A long AFL season and finals series takes its toll on the body. Every year there are injured stars who become part of a ‘will they play, or won’t they’ narrative leading up to the biggest game of the year.
As we approach the conclusion of the 2021 season, it’s the likes of Melbourne’s Steven May and the Bulldogs’ Cody Weightman with injury clouds hanging over them, unsure if they’ll be able to take to the field in what is the biggest game of their career.
In 1999 though, all eyes were on North Melbourne midfielder Anthony Stevens, after the Kangaroos midfielder suffered a devastating ankle injury in the preliminary final that threatened to rule him out of the third grand final of his career.
In a story that has since gone down in AFL folklore, Stevens managed to participate in the game, collecting 11 touches in the first quarter before tearing his pec in the second term.
Stevens says it was only participation in the Thursday’s training session allowed him to play against Carlton that weekend.
“The doctors had said it was pretty much a 14-week injury, but Denis (Pagan) said, to his credit, he’d give me ten minutes on the Thursday, and if I could get around at training then he’d play me,” Stevens told SEN.
“I got out onto the track for ten minutes, [but] I couldn’t feel my ankle hitting the ground after Doctor Harry Unglik had juiced me up … it was a really weird feeling.

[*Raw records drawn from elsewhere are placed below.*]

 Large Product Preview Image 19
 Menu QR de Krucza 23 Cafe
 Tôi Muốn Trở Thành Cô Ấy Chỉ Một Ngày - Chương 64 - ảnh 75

“I was a bit nervous leading into the grand final, but it was actually perfect. I had enough feeling in my ankle that it was sore, but not painful. The medical team nailed it and I was pretty happy to get over the line and get out there, it’s a great memory.
“It was just the worry that I was going to let down the boys if I actually went out there. That was the biggest concern for me.
“I had the courage that I knew I could probably get through after doing ten minutes … I ended up not playing the whole game because I tore my pec muscle off the bone about 15 minutes into the second quarter.”
Those ten minutes of training for Stevens to prove his fitness are seen as a true testament to the courage and Shinboner spirit constantly shown by the former captain over the course of his career.
He almost didn’t get out onto the field to prove his fitness though, with a pre-training test potentially going horribly wrong.
“I had to go into Melbourne’s CBD to get jabbed up … Harry was pretty excited at the time because he believed I could get through the game. He took me straight to Denis’ office,” Stevens said.
“Denis, as much as Harry was the doctor, thought he was the expert, so he had me doing what he called ‘the ankle test’.
“He had me hopping around his office, hopping backwards, forwards, crossways, upside down. At one stage something just went crack in my ankle and I collapsed to the ground. I thought it was over.
“He still gave me ten minutes even though he thought I wouldn’t get through. I went out and got around ok even if my kicking was pretty ordinary. He had some doubts because I’d collapsed in front of him, but I was able to get through … it was a hairy moment.”
Even though the pec injury ended Stevens’ game early, he finished the 1999 season with a second premiership medallion hanging around his neck, but without the backing of Denis Pagan and North’s medical team, he never would have been in a position to play.
Despite winning the 1999 Syd Barker Medal and putting together arguably the best season of his career, Stevens says if he wasn’t cleared to play, there’s no way he was going to push the issue.
“It was a concern leading into the game, [but] you’ve got to have confidence in your medical staff, and I did. We had a medical team full of absolute superstars who did everything they could,” he said.
“They would have told me if I wasn’t up to it, so in the end I never would have played in that grand final if I didn’t actually think I could get through the whole game, because it might have gone down to the wire.
“I had physio three times a day for that whole week … I was trying to keep off it as much as I could, it was aching and it was black and blue up to my knee because of the work I was getting done on it trying to keep the fluid out of my ankle.
“The medical team, with Denis Pagan, would have definitely pulled the pin if I wasn’t up for it. I was lucky we had a first-class medical team that was led by Harry Unglik at the time.
“As it would have hurt me I would have just walked away [if I wasn’t fit]. I wouldn’t have had any regrets in walking away and being a part of sitting on the bench or doing something like that.”
In most seasons, there’s at least one hard luck story heading into the grand final, whether it be Cameron Mooney remaining unselected for Geelong in 2011, Bob Murphy missing the Western Bulldogs’ triumph in 2016 through injury, or Robert Scott’s absence in 1999.
This year though, it’s Melbourne’s Nathan Jones. With the former captain, three time best and fairest winner and 300 game player missing out on what would have been the final game of his career.
Stevens says if anyone deserved to play in this year’s grand final, it was the Demons’ champion.
“Nathan Jones, who I absolutely love as a footballer, to see what he’s done over the journey with Melbourne and to get them to where they are today to then miss out, I have a tear in my eye for that boy,” he said.
“He’s an absolute superstar and an icon of that footy club. You’d do anything to get to get to a grand final and for him to miss out is just devastating … [but] the footy club comes first and is bigger than any player.”